Medvedev intentionally echoed Ukrainian rhetoric on the Donetsk Basin in denying Zelensky future dialogue. Just as Ukraine will never negotiate with the breakaway republics as agents of the aggressor state, Medvedev said with regard to the Ukrainian president: “It’s pointless to deal with vassals.”
It could not have been lost on Zelensky that, the very day Medvedev’s letter was published, US Under Secretary of State for Political Affairs Victoria Nuland arrived in Moscow for direct negotiations. Nuland is best known in Russia for “the cookies she handed out on Kiev’s Independence Square,” which resulted in her falling under reciprocal sanctions in the years after the annexation of the Crimea. Her very arrival in Russia required certain mutual concessions.
The Kremlin isn’t really sore at her, though. As Vladimir Frolov points out, “Moscow likes to deal with Nuland, because she is one of the few Western diplomats willing to put pressure on Kiev and demand that it delivers on its obligations under the Minsk Agreements. In the summer of 2015, Nuland personally oversaw the voting process in the Supreme Rada when the Ukrainian parliament had to approve the bill on the special status of the Donetsk Basin.” The Russian press also reports that, while Nuland visited several other countries on her trip, Ukraine was not one of them.
Finally, former Crimean prosecutor general Natalya Poklonskaya is now set to assume her post as Russian ambassador to the Cape Verde Islands, in spite of international sanctions and a warrant for her arrest in Ukraine. This, too, reflects Russia’s overall Ukraine strategy: Normalize a Russian Crimea and, until there is a more pliable government in Kiev, a frozen conflict in the Donetsk Basin.
Which brings us back to Krasheninnikov’s first complaint about Medvedev’s letter: “It’s about Ukraine, which is a turnoff in itself – enough already!” All our commentators on Nuland’s visit would agree that this is precisely the point of the negotiations: The parties are sick of discussing Ukraine, so they want to rule out a hot war and move on to other, higher priority issues.
Zelensky’s initiatives, such as organizing the Crimean Platform (mocked by Medvedev as “moronic”), are all aimed at preventing the international community from seeing the situation as normal.
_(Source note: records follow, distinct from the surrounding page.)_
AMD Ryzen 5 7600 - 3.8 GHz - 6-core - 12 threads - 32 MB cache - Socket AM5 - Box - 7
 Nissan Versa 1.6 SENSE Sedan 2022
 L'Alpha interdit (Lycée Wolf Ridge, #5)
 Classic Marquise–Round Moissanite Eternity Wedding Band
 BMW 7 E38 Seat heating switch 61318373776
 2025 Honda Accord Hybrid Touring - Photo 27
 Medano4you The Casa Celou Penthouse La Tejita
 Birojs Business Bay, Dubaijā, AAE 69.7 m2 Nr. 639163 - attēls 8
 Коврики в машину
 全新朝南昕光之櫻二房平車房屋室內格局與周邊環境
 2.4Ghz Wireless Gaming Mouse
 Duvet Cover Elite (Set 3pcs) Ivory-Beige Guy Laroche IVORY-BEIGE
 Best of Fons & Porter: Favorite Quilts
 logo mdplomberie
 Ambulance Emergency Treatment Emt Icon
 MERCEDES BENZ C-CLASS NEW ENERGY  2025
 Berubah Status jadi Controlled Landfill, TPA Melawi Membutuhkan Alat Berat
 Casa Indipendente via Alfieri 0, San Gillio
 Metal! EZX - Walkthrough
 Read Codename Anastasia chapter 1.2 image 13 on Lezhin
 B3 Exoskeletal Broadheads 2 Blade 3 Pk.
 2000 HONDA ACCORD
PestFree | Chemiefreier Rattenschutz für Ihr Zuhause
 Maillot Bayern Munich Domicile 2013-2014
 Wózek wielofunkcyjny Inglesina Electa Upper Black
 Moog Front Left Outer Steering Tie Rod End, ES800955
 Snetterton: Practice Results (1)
But his cool reception in Washington [see Vol. 73, No. 36, pp. 10-12], as well as the events laid out here, may give Zelensky reason to worry. Many a past Ukrainian leader has been frozen out of geopolitical negotiations by more powerful chieftains in foreign capitals. Zelensky wanted the US to join the Normandy Four – but is his own country’s place in it secure?